I read in research paper that There is only one norm preserving automorphism(identity map) for $\mathbb{R}$. There are two norm preserving automorphism(identity map and dual map) for $\mathbb{C}$.For $\mathbb{H}$ the norm preserving automorphism is SO(3).
For $\mathbb{C}(\mathbb{F}_{q})$, the automorphism could be obtained by combining the Frobenius automorphism and dual automorphism. The automorphism group for $\mathbb{H}(\mathbb{F}_{q})$ could be obtained by combining the Frobenius automorphism and the special orthogonal group SO(3,$\mathbb{F}_{q}$).

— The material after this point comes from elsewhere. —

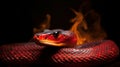 AI generated illustration of a vibrant, brightly illuminated snake near flames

I understand the first paragraph but problem is in understanding second paragraph
My questions are
- What is dual automorphism? I know about about automorphism and Frobenius automorphism !
- What is meant by combining in above statements. Is it meant multiplication, addition or any other mathmatical operation
I assume $\mathbb{C}(\mathbb{F}_q)$ and $\mathbb{H}(\mathbb{F}_q)$ are the $\mathbb{F}_q$-algebras respectively spanned by $\{1,i\}$ and $\{1,i,j,k\}$ satisfying the usual multiplication rules. Note $\mathbb{C}(\mathbb{F}_q)$ is $\cong\mathbb{F}_{q^2}$ if $\mathbb{F}_q$ has no $\sqrt{-1}$ (equivalently, if $q\not\equiv1\bmod4$) and is $\cong\mathbb{F}_q\oplus\mathbb{F}_q$ as a ring otherwise, and we can similarly split the isomorphism type of $\mathbb{H}(\mathbb{F}_q)$ into cases but it will never be a skew field (no noncommutative finite skew fields exist).

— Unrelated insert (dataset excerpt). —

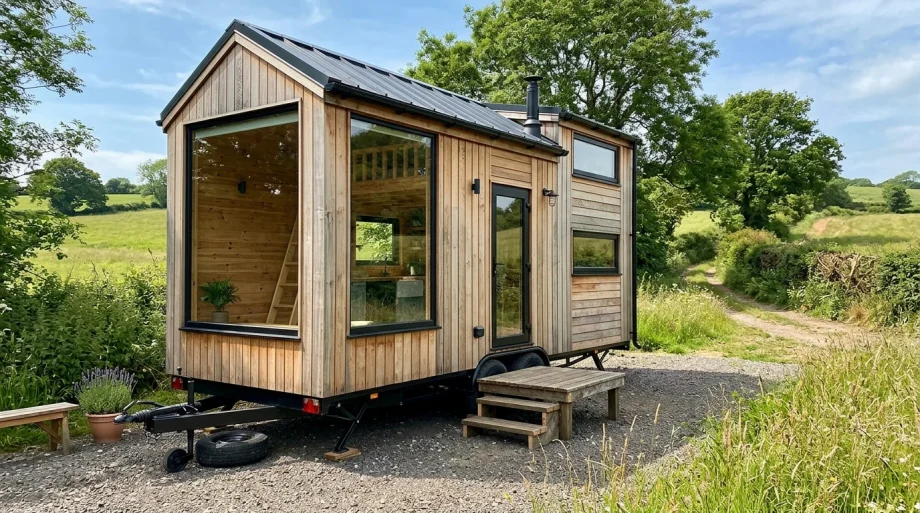 Custom Magdala tiny home on trailer chassis in countryside setting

(1) By "dual automorphism" they mean complex conjugation, essentially. Writing elements of $\mathbb{C}(\mathbb{F}_q)$ as $a+bi$ with $a,b\in\mathbb{F}_q$, this automorphism is $\overline{a+bi}=a-bi$. In the event this is $\mathbb{F}_{q^2}$, it also happens to be a Frobenius automorphism $x\mapsto x^q$, which acts as the identity on $\mathbb{F}_q$.

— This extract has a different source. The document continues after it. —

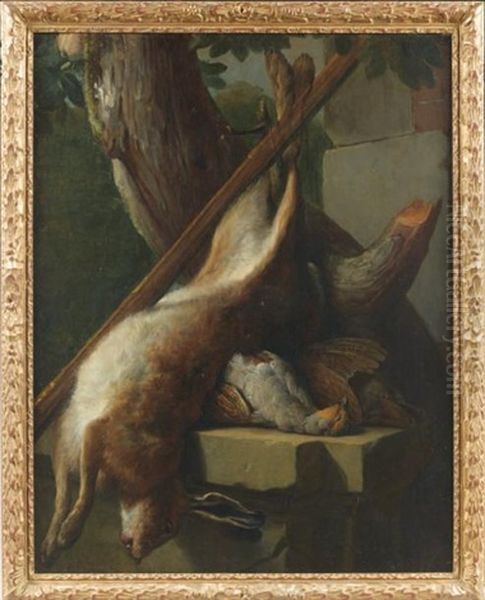 Trophee De Chasse Au Lievre Et Aux Oiseaux Sur Un Entablement Oil Painting by Alexandre Francois Desportes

(2) In general, saying a elements of a group $G$ are "combinations" of elements from subsets $X$ and $Y$ means $G$ is generated by the subsets, written $G=\langle X,Y\rangle$. A tighter condition is that one subset is a subgroup and the other a transversal. A tighter condition still is that they are both subgroups and $G$ is a knit product. A tighter condition than that is that they are both subgroups and $G$ is a semidirect product of them. (And the tightest you can go is that $G$ is that they are both normal subgroups and $G$ is a direct product.) In this case, we mean semidirect product at least, and it turns out Frobenius automorphisms of $\mathbb{H}(\mathbb{F}_q)$ will commute with those coming from $\mathrm{SO}(3,\mathbb{F}_q)$ so it will be a direct product.